▸ Requirement
Write back every entry exactly as it reads, with the pictures left behind.

Records provided section start

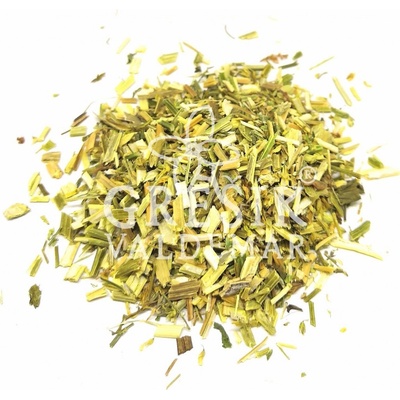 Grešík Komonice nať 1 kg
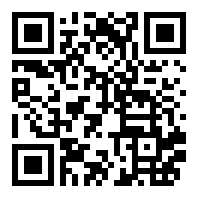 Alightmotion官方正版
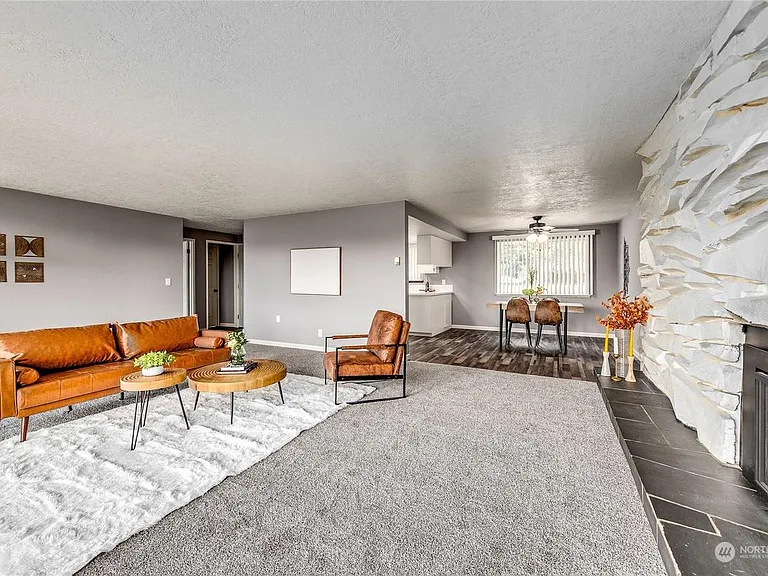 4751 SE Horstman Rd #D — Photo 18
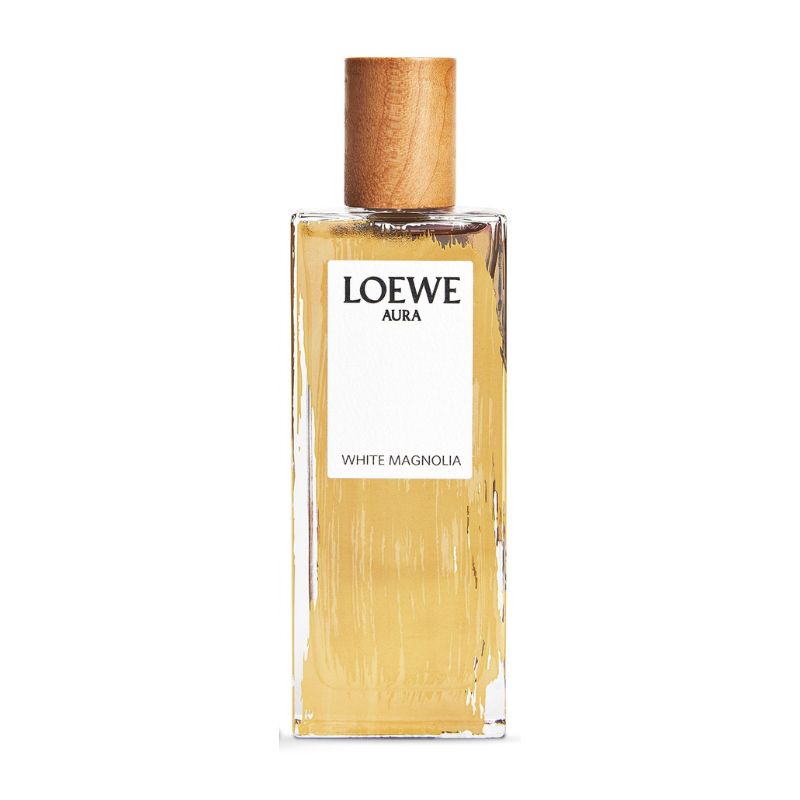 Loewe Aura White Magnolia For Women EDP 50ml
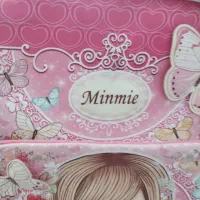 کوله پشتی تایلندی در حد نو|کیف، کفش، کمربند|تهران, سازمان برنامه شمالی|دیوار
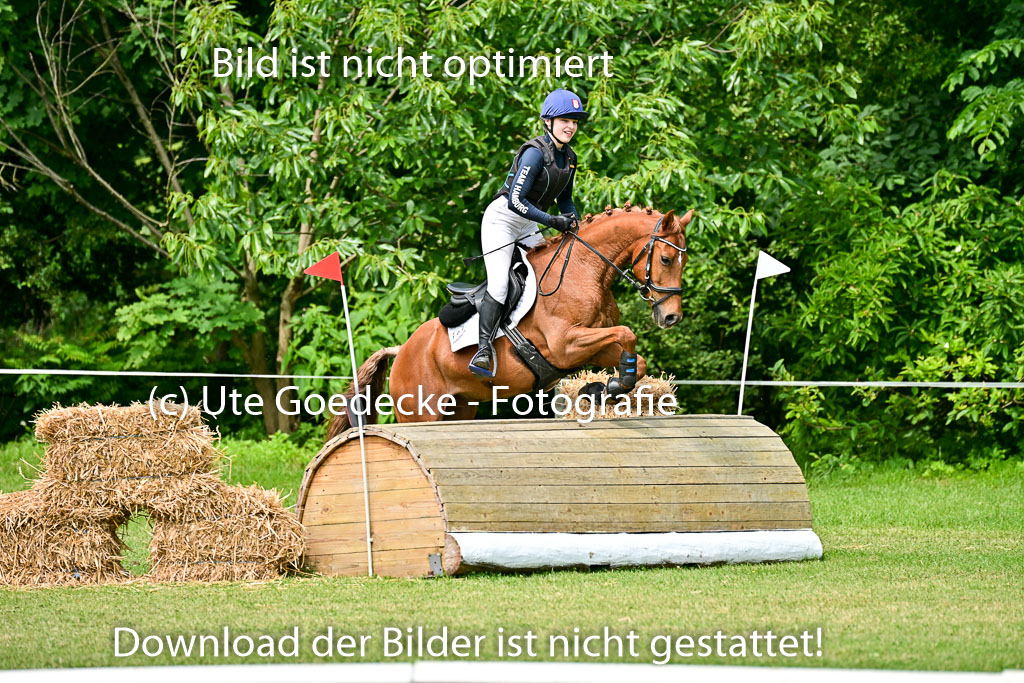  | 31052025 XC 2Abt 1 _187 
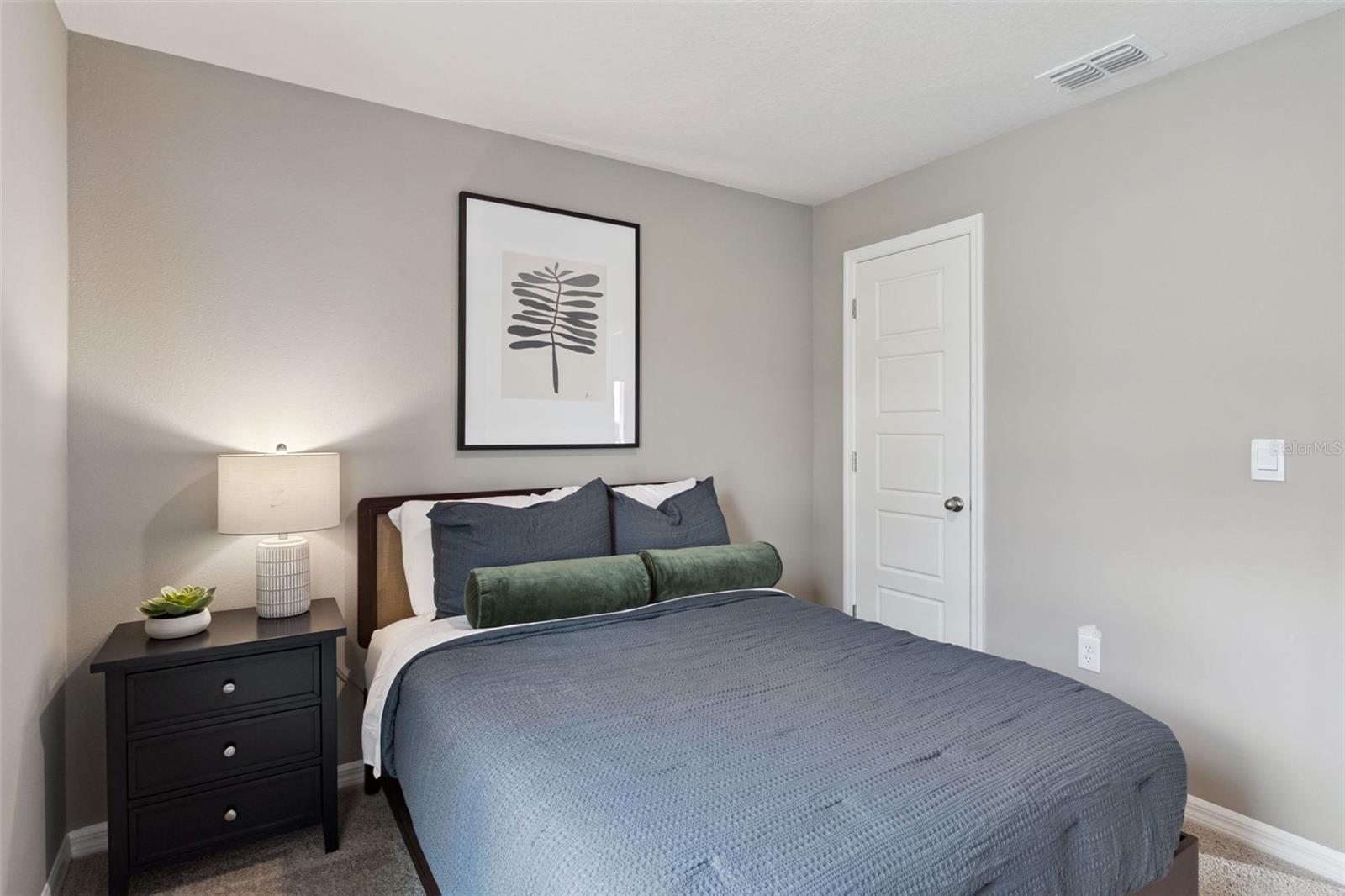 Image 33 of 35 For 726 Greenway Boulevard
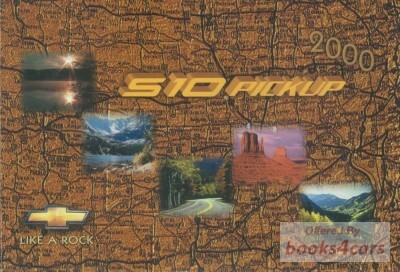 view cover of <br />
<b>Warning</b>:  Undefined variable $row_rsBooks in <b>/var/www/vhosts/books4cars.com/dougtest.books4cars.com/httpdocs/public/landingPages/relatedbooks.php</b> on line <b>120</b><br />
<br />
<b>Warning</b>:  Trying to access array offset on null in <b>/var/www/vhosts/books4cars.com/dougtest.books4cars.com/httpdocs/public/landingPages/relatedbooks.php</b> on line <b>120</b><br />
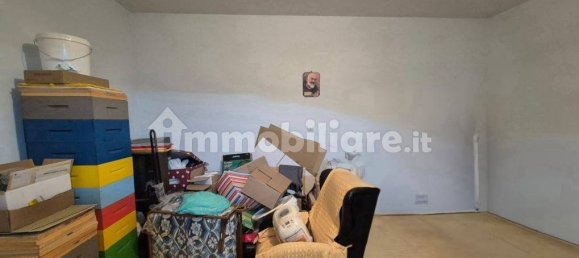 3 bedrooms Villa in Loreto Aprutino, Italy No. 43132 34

Records provided section end

▸ Written answer
 Grešík Komonice nať 1 kg
 Alightmotion官方正版
 4751 SE Horstman Rd #D — Photo 18
 Loewe Aura White Magnolia For Women EDP 50ml
 کوله پشتی تایلندی در حد نو|کیف، کفش، کمربند|تهران, سازمان برنامه شمالی|دیوار
  | 31052025 XC 2Abt 1 _187 
 Image 33 of 35 For 726 Greenway Boulevard
 view cover of <br />
<b>Warning</b>:  Undefined variable $row_rsBooks in <b>/var/www/vhosts/books4cars.com/dougtest.books4cars.com/httpdocs/public/landingPages/relatedbooks.php</b> on line <b>120</b><br />
<br />
<b>Warning</b>:  Trying to access array offset on null in <b>/var/www/vhosts/books4cars.com/dougtest.books4cars.com/httpdocs/public/landingPages/relatedbooks.php</b> on line <b>120</b><br />
 3 bedrooms Villa in Loreto Aprutino, Italy No. 43132 34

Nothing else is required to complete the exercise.